— Task brief —
Within the records below is a range that opens at the line with "How Can Dental" and closes at the line with "三、种植牙诺贝尔RCC和PM". Return that range word for word, both ends included, and only that range.

◇ ◇ ◇

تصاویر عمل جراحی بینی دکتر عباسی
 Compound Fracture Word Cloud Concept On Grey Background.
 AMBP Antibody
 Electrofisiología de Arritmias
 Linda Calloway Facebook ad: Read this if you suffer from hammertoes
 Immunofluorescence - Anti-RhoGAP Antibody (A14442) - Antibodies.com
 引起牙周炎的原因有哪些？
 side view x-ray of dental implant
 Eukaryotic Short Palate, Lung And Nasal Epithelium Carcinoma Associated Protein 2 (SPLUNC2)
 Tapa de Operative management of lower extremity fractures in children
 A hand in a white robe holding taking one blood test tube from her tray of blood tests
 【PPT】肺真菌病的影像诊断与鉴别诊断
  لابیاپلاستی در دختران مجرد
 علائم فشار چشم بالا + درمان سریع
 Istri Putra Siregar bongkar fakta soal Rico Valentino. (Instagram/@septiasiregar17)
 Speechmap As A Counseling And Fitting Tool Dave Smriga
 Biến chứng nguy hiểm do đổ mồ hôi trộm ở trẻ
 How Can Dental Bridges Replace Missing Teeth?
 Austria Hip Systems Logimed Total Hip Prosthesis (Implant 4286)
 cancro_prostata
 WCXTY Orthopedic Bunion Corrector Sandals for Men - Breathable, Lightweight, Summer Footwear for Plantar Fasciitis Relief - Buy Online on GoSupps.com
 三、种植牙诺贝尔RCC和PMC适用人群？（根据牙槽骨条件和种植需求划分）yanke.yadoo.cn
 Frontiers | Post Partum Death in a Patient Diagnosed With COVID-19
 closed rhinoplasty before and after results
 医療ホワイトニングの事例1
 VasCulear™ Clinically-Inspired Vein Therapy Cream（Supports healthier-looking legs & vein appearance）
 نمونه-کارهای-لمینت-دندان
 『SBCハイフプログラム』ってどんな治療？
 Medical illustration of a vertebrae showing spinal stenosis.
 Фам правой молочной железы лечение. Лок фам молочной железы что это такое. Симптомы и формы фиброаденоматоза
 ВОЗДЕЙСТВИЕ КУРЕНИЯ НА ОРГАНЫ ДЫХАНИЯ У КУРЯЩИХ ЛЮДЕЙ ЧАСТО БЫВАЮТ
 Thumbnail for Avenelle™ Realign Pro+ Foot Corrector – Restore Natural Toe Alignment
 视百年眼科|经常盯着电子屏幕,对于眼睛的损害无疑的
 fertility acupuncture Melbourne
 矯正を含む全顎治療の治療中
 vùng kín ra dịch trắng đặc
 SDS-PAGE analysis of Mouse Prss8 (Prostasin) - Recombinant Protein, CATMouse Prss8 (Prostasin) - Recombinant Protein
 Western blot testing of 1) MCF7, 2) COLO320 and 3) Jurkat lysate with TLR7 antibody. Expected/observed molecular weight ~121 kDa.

◇ ◇ ◇

— Answer below —
 How Can Dental Bridges Replace Missing Teeth?
 Austria Hip Systems Logimed Total Hip Prosthesis (Implant 4286)
 cancro_prostata
 WCXTY Orthopedic Bunion Corrector Sandals for Men - Breathable, Lightweight, Summer Footwear for Plantar Fasciitis Relief - Buy Online on GoSupps.com
 三、种植牙诺贝尔RCC和PMC适用人群？（根据牙槽骨条件和种植需求划分）yanke.yadoo.cn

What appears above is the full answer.